→ Collected data
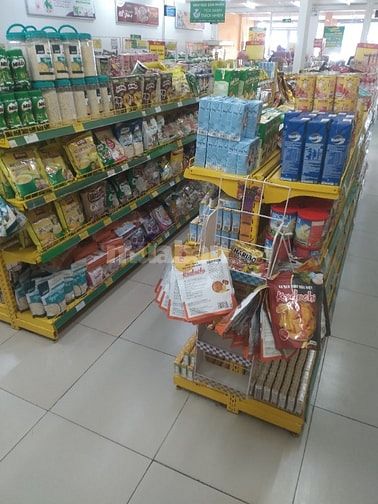 Tuyển Dụng Vị Trí:Nhân Viên Bán Hàng,Tạp Vụ, Bảo Vê, Thu Ngân, Kho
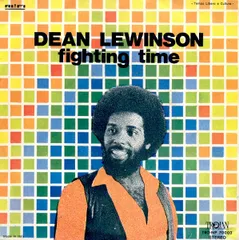 7” Dean Lewinson Fighting Time / Morning Noon & Night TRONP70002 TROJAN RECORDS /00080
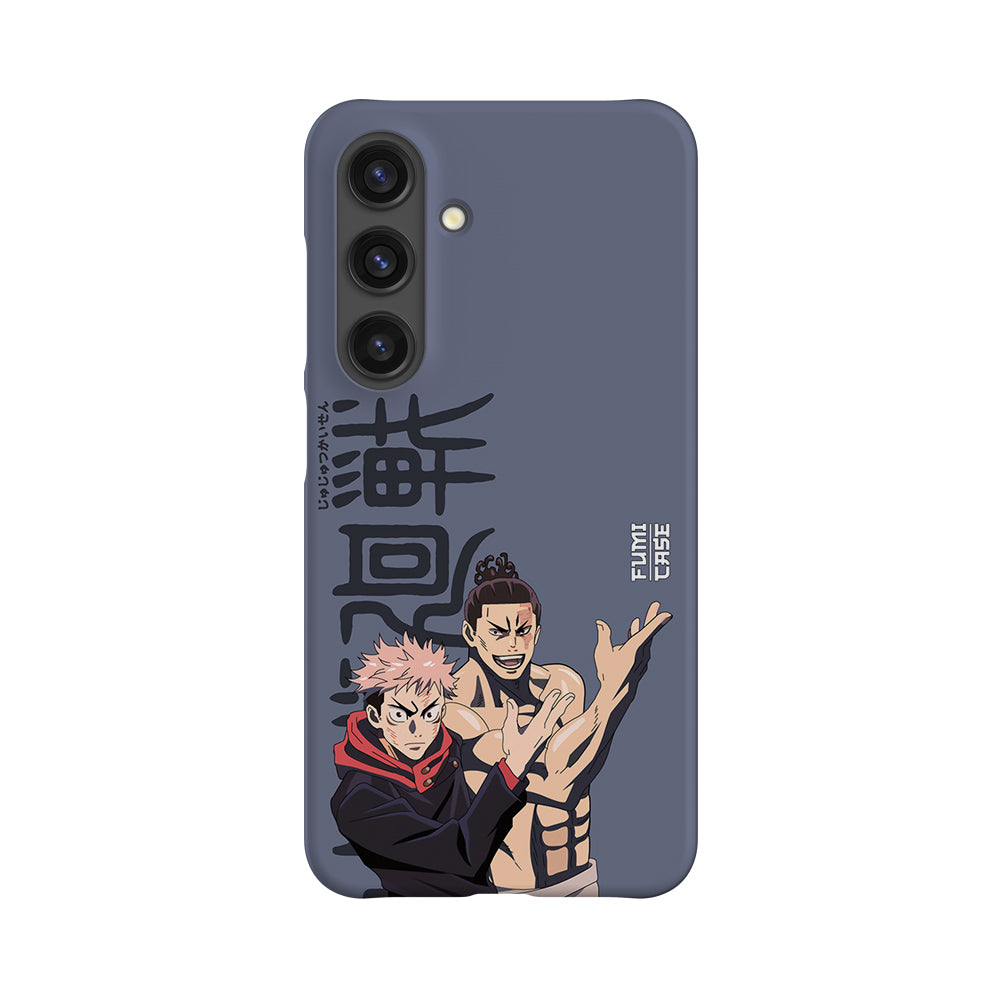 JUJUTSU FUMI-Slim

→ Exercise
A faithful copy of all the lines above is needed, with the pictures omitted.

→ Exercise solution
 Tuyển Dụng Vị Trí:Nhân Viên Bán Hàng,Tạp Vụ, Bảo Vê, Thu Ngân, Kho
 7” Dean Lewinson Fighting Time / Morning Noon & Night TRONP70002 TROJAN RECORDS /00080
 JUJUTSU FUMI-Slim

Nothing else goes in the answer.